Tuesday, February 20, 2018

4Play: Sex in a Series (review)

Spoilers ahoy!

On Valentine's Day I attended the west coast premiere of a play with a witty title.  Appropriate as well.  In this case the play is also in a form I rarely enjoy, that of "total immersion."  Rarely, mostly because the production doesn't really use the idea very well. 

4Play: Sex in a Series on the other hand uses it well. The stage area (where I've seen several shows previously) didn't look so much like a stage but a bar.  Indeed a real bar, complete with bartender et al next to entrance!  One corner of the room, raised not even a foot from the floor, is elevated.  Now, given that I need to sit down, this meant I had a poor seat overall, with several people standing at high tables obscuring my view--but I heard everything, and saw quite a lot, not least because the action kept moving.

This all sounds like an example of hyper-naturalism, doesn't it?  Refreshingly, this proved not to be the case.  Theatre cannot really compete with film and television in terms of realistic detail, but far exceeds those media when it comes to using imagination.  4Play jumped back and forth through time, shifted place constantly, the cast even recognized this was indeed a play, the characters commenting on that fact!

Credit: Kelsey Risher
But that is the delightful paradox of theatre!  And such makes up the blood, flesh and bones of this fascinating performance!

Plot-wise the whole thing is the stuff of rom-coms and farce.  The Director (Graham Brown) seems to be trying to get over his Ex (Marian Frizelle), in part by some experimentation with his sexuality and also by putting together a play.  A unique theatrical "event."  The play we are watching in fact, complete with a Stage Manager (Kaitlin Large) who almost/not quite functions as a greek chorus.  His gay Best Friend (Dustyn Gulledge) is there for him, offering what advice he can--some--and support--quite a lot.

Meanwhile we also get a glimpse of a changing living situation.  A Roommate (Zoe Simpson Dean) shows a Lesbian (Ariana Anderson) the apartment she shares with an actress we will soon know as the Girlfriend (Eve Danseisen).  It seems to be working out well.  Pretty soon the Girlfriend will audition for the Director and impress him mightily, not only in terms of talent but a connection they seem to share when she reads for him. 

Credit: Kelsey Risher
That is actually one of the most clever bits in a very clever show, and ultimately one that creates some interesting conflict.  Notice how she is not identified as the Actress (there is someone like that--Kelsy Risher)?

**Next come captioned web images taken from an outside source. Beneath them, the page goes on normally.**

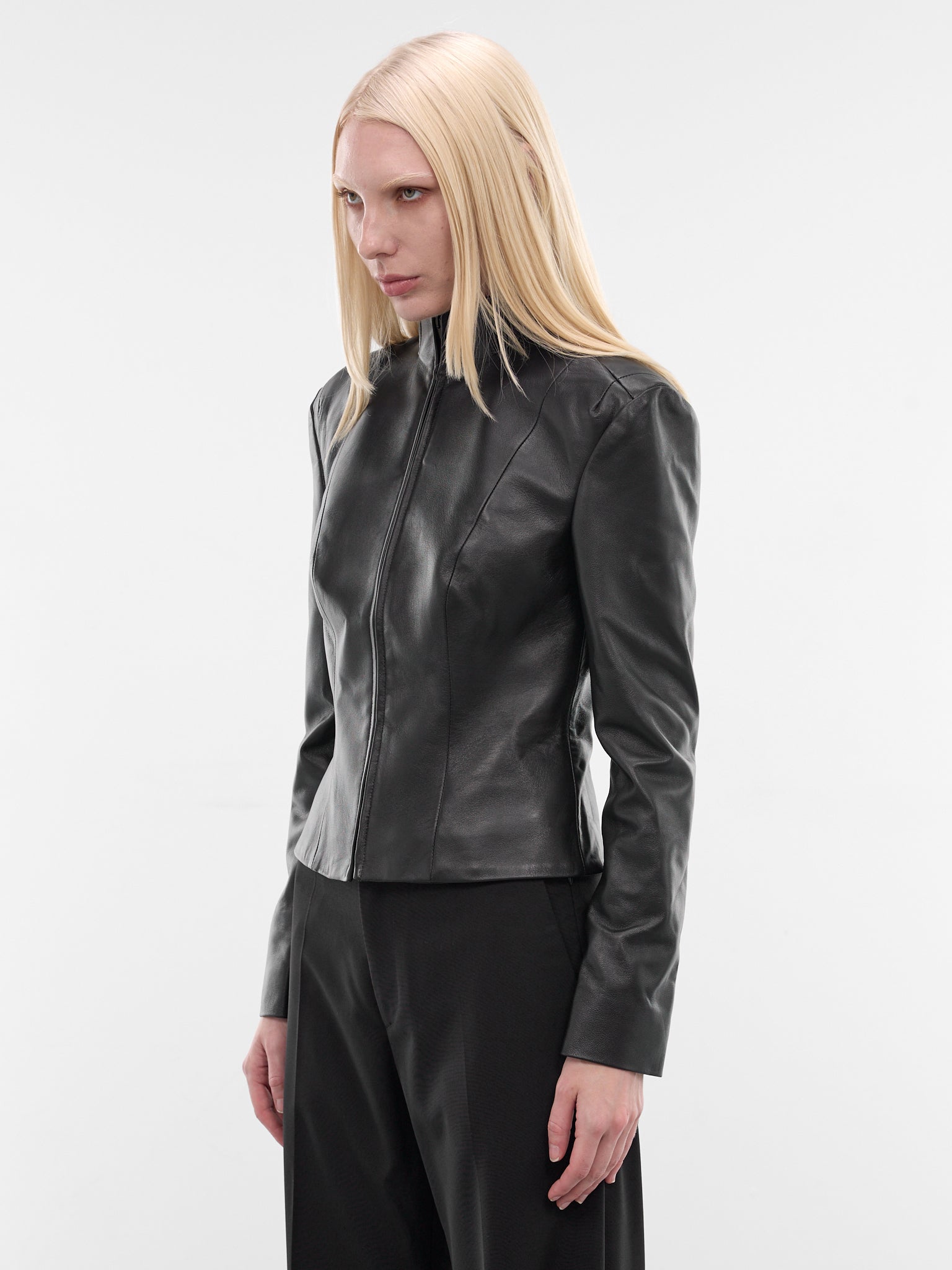Black Leather Hanger Display Jacket (1034-1000-BLACK)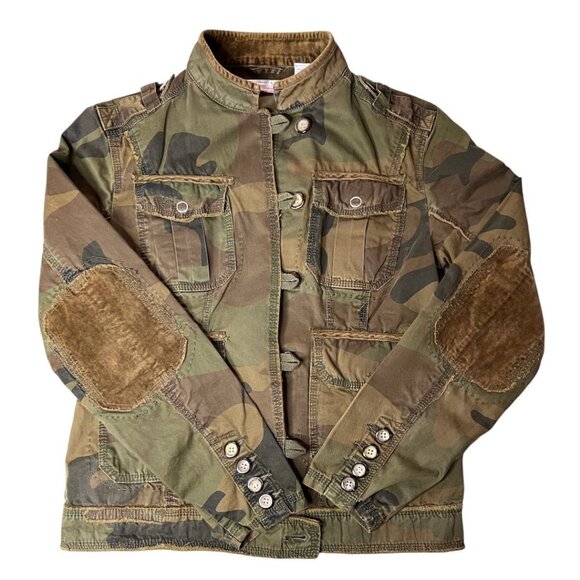 Triple Five Soul Women's Camo Jacket L Y2K Graphic Velour Trim Utility‎ Style - Picture 14 of 15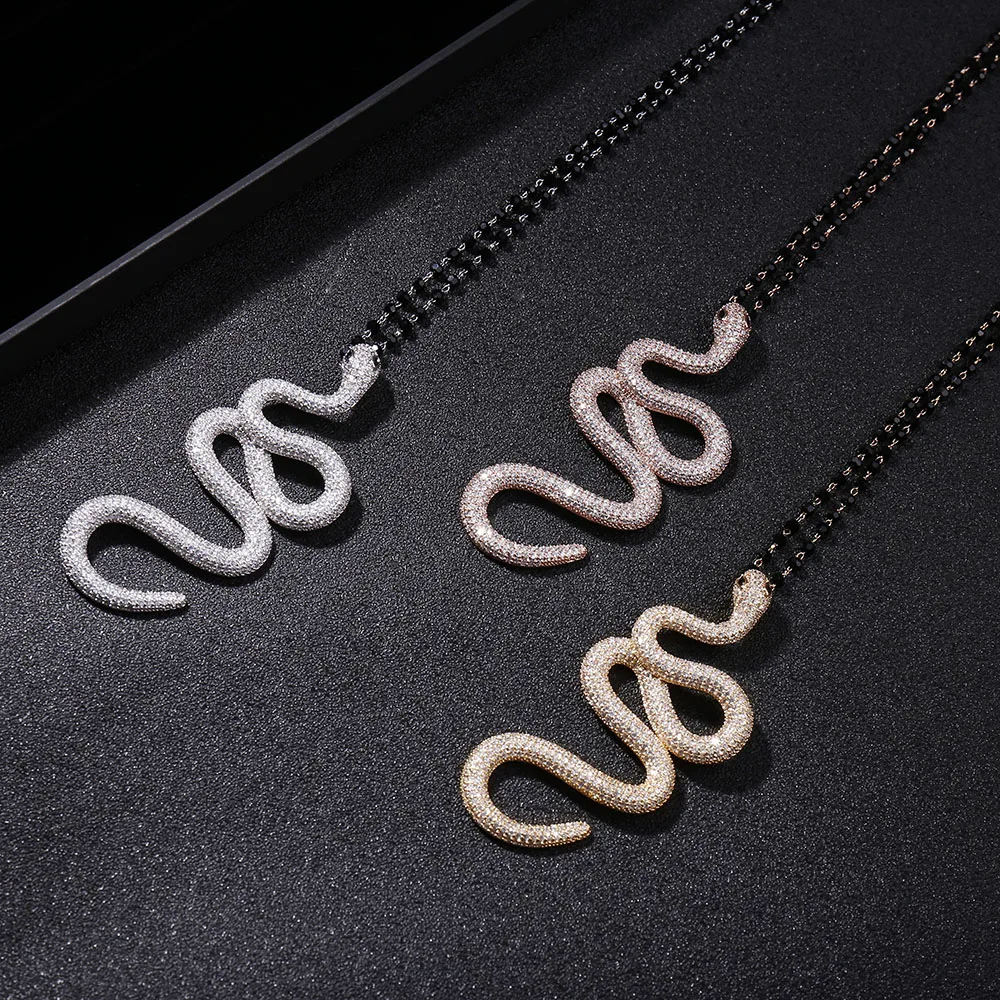 

Luxury Snake Pendant Necklaces for Women 2020 Full Shining CZ Zircon Trendy Female Statemen Jewelry Accessories Bijoux Gift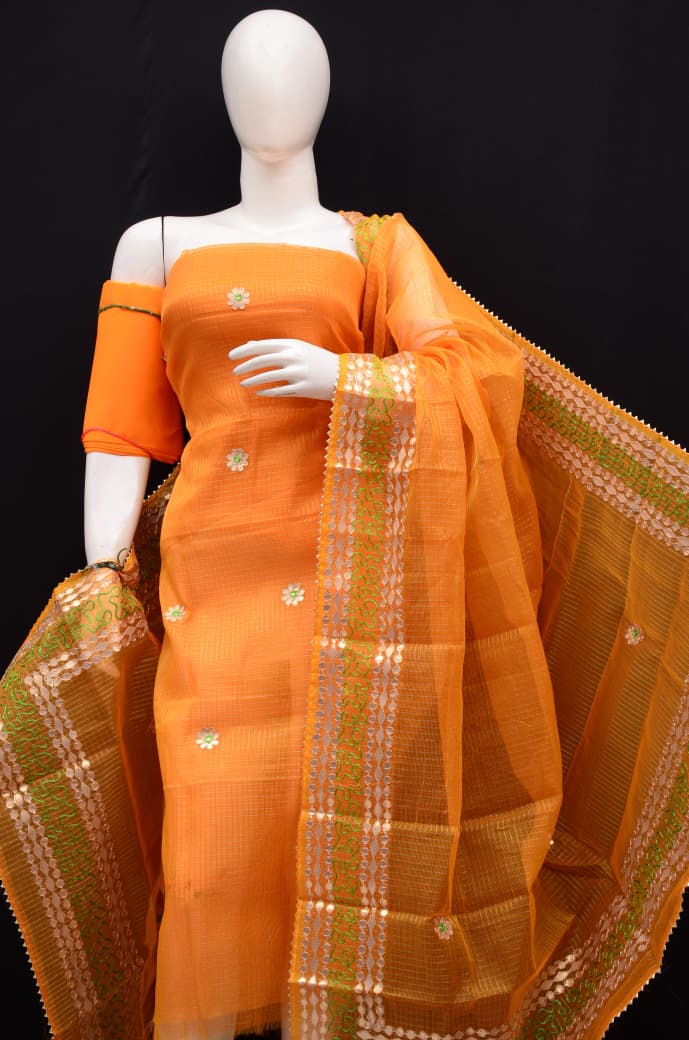 Kota Doria Tissue Gota Patti 3Pc Suit
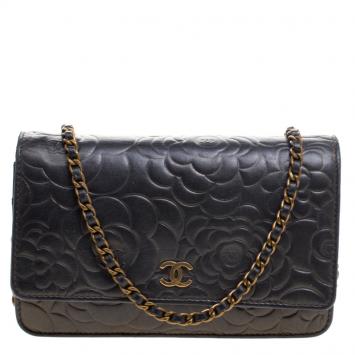 Pre Owned Chanel Metallic Black Leather Camellia Wallet on Chain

So after a little while, the Best Friend meets and hooks up with the Best Friend's Boyfriend (Cameron J. Oro).  Perhaps you can see a pattern?  Never fear, this will all play out but some expectations relentlessly veering off in new directions. 

Others will prove quite prescient.

High on that list is how in what is/might not be a play within a play, the Girlfriend and the Director do hit it off.  She soon becomes his Girlfriend, even as the Girlfriend's two roommates hook up and become each others' girlfriends.

Don't worry that plays easier than it reads.

As things proceed, we also meet the Little Sister (Bevin Bru) and the Tequila (Kristen Racicot). More importantly, the ships involved enter stormy seas threatening to sink them all.  But here may be the most clever bit of all.  We care for them all.  We want each of the three couples to find happiness in each other, which some do and some do not--not through anything particularly dramatic but through simple/not-so-simple communication.  But--it eventually becomes clear only some of these we see are in fact people.  At least two (I would argue three) are really just characters, based on people but ultimately figments of a deliberate imagination.  Truth wins.  Deceit--even the most delicious deceit of a well-crafted story--fails, but only fails at being truth.  It succeeds in showing what not to do, oh please do not do this, not if you want that elusive thing called love.

Credit: Kelsey Risher
Now, doesn't that sound charming, and clever, and entertaining?  It is.  It even manages to be true.

Give credit also to writers Graham Brown, Nathan Daudree and Lisa Roth along with director Graham Brown.  And yeah, the Director really is the writer and the director.  For reals.

4Play: Sex in Series plays Thursdays, Fridays and Saturdays at 8pm until March 17, 2018 at The Actor's Company, 916 A North Formosa Ave (just south of Santa Monica Blvd), Los Angeles CA 90046.